In a moment of drama, a witness was asked to identify the person she saw on the bike that hit the vehicle. She pointed from the stand to where the accused was sitting and said, “That’s him right there.”
Both witness and accused – and counsel and bailiff and jury, for that matter – were students in a law class at Central Collegiate working on their final exam.
“One of the reasons behind doing this, I think, is to help the students tie in the whole semester, it brings it all together with a big trial,” their teacher Cal Carter told the Times-Herald, calling the process the highlight of the class for many students. “When they see it in action, it just really seems to be a great learning experience for all of them.”
The case itself is fictitious, but the photos of a wrecked motorcycle that were used for exhibits were from a real crash in which the young driver died, used with the blessing of his family for educational purposes.
Although students took over some of the most important positions in the courtroom, they were guided by real defence attorney Tim McLeod, as well as lead prosecutor Brian Hendrickson. Justice Darin Chow presided over the proceedings.
“It’s a great opportunity for high school students to get some exposure to what the justice system looks like in a very educational and non-threatening kind of way,” said McLeod, who was involved with the project last year as well. “It’s a lot of fun for both the students and the professionals that are involved.”
He noted that Hendrickson has been involved for even longer.
“We both find the experience a lot of fun, and every year you learn something from the students. As much as we teach them, they teach us.”
Those students, however, would be the first to admit how much preparation went into the project. Some, like Justin McElree, said they were already planning on a career in law.
“It was a really good experience,” said McElree, the lawyer for the defence. “Law is very interesting to me and this only further helped that interest.”
On the prosecution’s side, Sara Moncion said the preparation was intense.

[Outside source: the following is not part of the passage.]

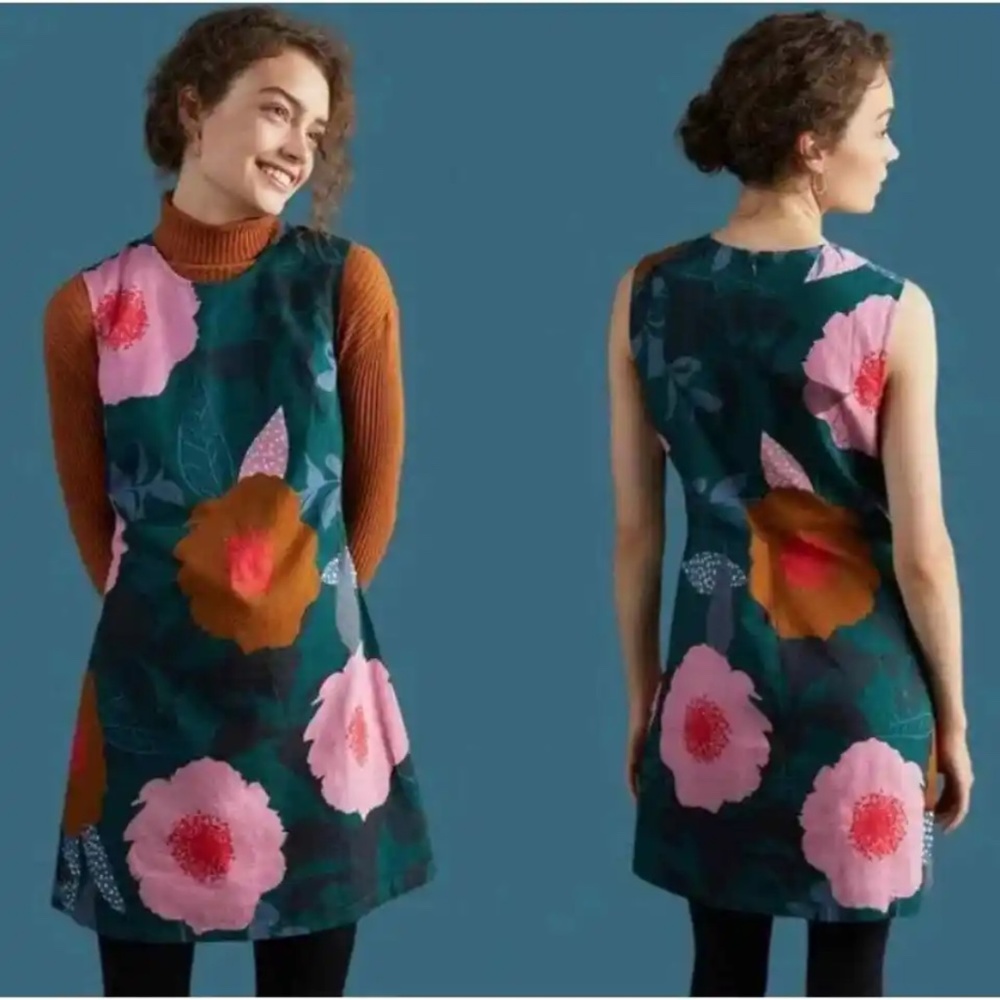 Anthropologie Conditions Apply Linen Shift Dress Size S Teal Pink Floral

Students spent class-time meeting with each other and preparing their case, as well as consulting with their respective lawyers to guide them.
Most of the junior co-counsels agreed that the toughest part was coming up with questions that drew out the evidence they wanted the court to hear, but without leading the witness. They all, however, rose to the challenge.
“It was good,” said Zak Allie, who argued for the Crown. “I was very nervous but it went a lot smoother than I thought it would, and it was quite an enjoyable experience I could learn from.”
On the defence side, Rachel Carline said she enjoyed the process of the whole thing.
“It was really fun to cross-examine and try to poke holes in witness statements, and it was a really good experience,” she said.
The verdict, in the end, came in not guilty of dangerous driving causing bodily harm. In a candid moment with the students after the jury had left the room, Justice Chow predicted that most people’s decisions would hang on whether or not they thought the two motorcycles were in fact racing when the accident occurred.
“I think it was a fair verdict,” said Haley Pearce, co-counsel for the prosecution. “It was not unreasonable.”
The experience is valuable for the students who aren’t picked to be lawyers or key witnesses as well. Carter said just being in the courtroom before a judge is something of a novel experience.
“They’re surprised at how it’s not like TV,” he said. “It’s more about the protocol and that there are niceties between the defence and the prosecution, and it’s not, ‘Show me the truth!’”
For those students who participate as members of the jury, he said it gives them a taste of the experience before being legally old enough to serve on one in real life.
“This kind of a learning experience outside of a classroom is what I’ve really found that is really beneficial to them,” Carter said. “This is their final exam. This is what they do, and they do a reflection on this experience.”